Below are some tips you can use the next time you are called on to speak.
- Decide quickly what
your one message will be - Keep in mind you have not been asked to give
a speech but to make some impromptu remarks. Hopefully they have asked you
early enough so you can at least jot down a few notes before you speak. If
not, pick ONE message or comment and focus on that one main idea. Many times,
other ideas may come to you after you start speaking. If this happens, go
with the flow and trust your instincts.
- Do not try and memorize
what you will say - Trying to memorize will only make you more nervous
and you will find yourself thinking more about the words and not about the
- Start off strong
and with confidence - If you at least plan your opening statement, this
will get you started on the right foot. After all, just like with any formal
speech, getting stared is the most difficult. Plan what your first sentence
will be. You may even write this opening line down on your note card and glance
at it one more time just before you begin speaking. If you know you have three
points or ideas to say, just start off simple by saying, "I would just like
to talk about 3 points". The first point is... the second point is... and
- Decide on your transitions
from one point to the other - After you have decided on your opening remark
or line, come up with a simple transition statement that takes you to your
main point. If you have more than one point to make, you can use a natural
transition such as, "My second point is... or my next point is..." etc. Just
list on your note card or napkin, if you have to, the main points or ideas.

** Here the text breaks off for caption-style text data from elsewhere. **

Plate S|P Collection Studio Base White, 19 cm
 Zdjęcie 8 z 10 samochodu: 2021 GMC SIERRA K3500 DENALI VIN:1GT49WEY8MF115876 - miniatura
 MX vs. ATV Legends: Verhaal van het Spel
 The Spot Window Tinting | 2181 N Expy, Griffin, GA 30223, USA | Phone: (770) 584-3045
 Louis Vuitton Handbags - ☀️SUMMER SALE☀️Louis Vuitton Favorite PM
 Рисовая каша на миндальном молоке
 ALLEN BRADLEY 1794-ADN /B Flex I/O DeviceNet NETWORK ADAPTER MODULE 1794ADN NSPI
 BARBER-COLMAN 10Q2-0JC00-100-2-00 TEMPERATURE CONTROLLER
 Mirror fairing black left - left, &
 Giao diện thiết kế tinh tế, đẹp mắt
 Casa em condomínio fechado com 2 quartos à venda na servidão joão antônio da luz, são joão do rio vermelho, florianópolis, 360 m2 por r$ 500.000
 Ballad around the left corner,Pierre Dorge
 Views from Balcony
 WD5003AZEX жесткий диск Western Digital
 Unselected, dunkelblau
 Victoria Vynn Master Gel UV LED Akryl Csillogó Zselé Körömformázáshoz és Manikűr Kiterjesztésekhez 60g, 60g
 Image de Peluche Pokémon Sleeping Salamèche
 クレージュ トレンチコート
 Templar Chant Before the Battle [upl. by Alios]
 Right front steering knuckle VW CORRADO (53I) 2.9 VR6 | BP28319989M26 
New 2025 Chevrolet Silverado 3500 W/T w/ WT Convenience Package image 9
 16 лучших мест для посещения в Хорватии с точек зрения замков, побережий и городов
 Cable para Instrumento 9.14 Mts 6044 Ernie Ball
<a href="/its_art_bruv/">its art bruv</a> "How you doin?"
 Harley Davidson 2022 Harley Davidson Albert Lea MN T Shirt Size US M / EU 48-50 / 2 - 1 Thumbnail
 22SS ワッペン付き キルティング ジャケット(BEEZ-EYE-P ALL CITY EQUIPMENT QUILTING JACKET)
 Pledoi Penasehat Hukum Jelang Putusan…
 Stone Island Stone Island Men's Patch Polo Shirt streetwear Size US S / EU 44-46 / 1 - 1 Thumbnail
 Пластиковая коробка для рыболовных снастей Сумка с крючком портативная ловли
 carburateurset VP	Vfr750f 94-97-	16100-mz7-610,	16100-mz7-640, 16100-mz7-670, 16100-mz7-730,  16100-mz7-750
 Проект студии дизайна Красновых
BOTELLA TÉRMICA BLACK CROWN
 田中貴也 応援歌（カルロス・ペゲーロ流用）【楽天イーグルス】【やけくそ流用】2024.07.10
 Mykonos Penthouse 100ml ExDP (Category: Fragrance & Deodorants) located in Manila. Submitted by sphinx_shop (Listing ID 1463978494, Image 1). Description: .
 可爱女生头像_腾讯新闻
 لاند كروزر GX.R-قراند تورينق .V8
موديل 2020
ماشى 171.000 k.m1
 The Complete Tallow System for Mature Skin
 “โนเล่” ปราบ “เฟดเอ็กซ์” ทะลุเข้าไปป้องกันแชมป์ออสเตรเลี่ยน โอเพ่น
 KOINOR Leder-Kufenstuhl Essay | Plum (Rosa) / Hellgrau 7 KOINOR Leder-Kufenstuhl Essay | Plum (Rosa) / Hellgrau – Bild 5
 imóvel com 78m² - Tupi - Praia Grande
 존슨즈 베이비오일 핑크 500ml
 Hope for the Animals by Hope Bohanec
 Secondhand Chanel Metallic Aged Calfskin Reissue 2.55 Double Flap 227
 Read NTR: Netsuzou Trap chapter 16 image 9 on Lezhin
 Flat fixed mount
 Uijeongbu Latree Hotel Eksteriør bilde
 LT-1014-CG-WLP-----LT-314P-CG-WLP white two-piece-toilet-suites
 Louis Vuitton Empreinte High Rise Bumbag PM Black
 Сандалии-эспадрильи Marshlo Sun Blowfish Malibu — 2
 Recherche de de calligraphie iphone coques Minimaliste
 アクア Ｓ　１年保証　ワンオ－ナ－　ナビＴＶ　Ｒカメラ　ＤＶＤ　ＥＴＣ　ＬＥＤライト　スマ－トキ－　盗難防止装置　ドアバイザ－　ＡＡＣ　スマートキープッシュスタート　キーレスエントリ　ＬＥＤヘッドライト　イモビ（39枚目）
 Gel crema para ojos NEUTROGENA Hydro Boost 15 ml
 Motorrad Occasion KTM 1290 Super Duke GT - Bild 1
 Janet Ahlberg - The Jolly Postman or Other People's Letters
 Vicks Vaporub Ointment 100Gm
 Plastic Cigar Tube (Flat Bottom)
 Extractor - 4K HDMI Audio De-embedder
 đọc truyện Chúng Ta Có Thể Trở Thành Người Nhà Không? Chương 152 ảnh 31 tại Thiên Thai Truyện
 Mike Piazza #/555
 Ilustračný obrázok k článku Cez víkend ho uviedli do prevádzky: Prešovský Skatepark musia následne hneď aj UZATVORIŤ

Do not write out the exact words, but just the points you want to mention.
- Maintain eye contact
with the audience - This is easier to do if you do not write down all
kinds of stuff to read. Look down at your next idea or thought and maintain
eye contact with your audience and speak from your heart. Focus on communicating
TO your audience and not speaking AT the crowd.
- Occassionally Throw
in an off-the-cuff remark - Because you want your style to be flexible
and seem impromptu, trust your instinct and add a few words which just pop
into your head. Keep it conversational and think of the audience as a group
of your friends.
- Finally, have a good
conclusion - Gracefully just state, "And the last point I would like to
make is...". Once you have made your last point, you can then turn control
back to the person who asked you to speak in the first place.
With a little practice,
this process will feel more natural to you. Anticipating that you MAY be asked
to say a few words should force you to at least think about what you might say
if you are asked. Then if you ARE asked, you are better prepared because you
anticipated being asked. This is much better than thinking they won't ask you
and they actually do!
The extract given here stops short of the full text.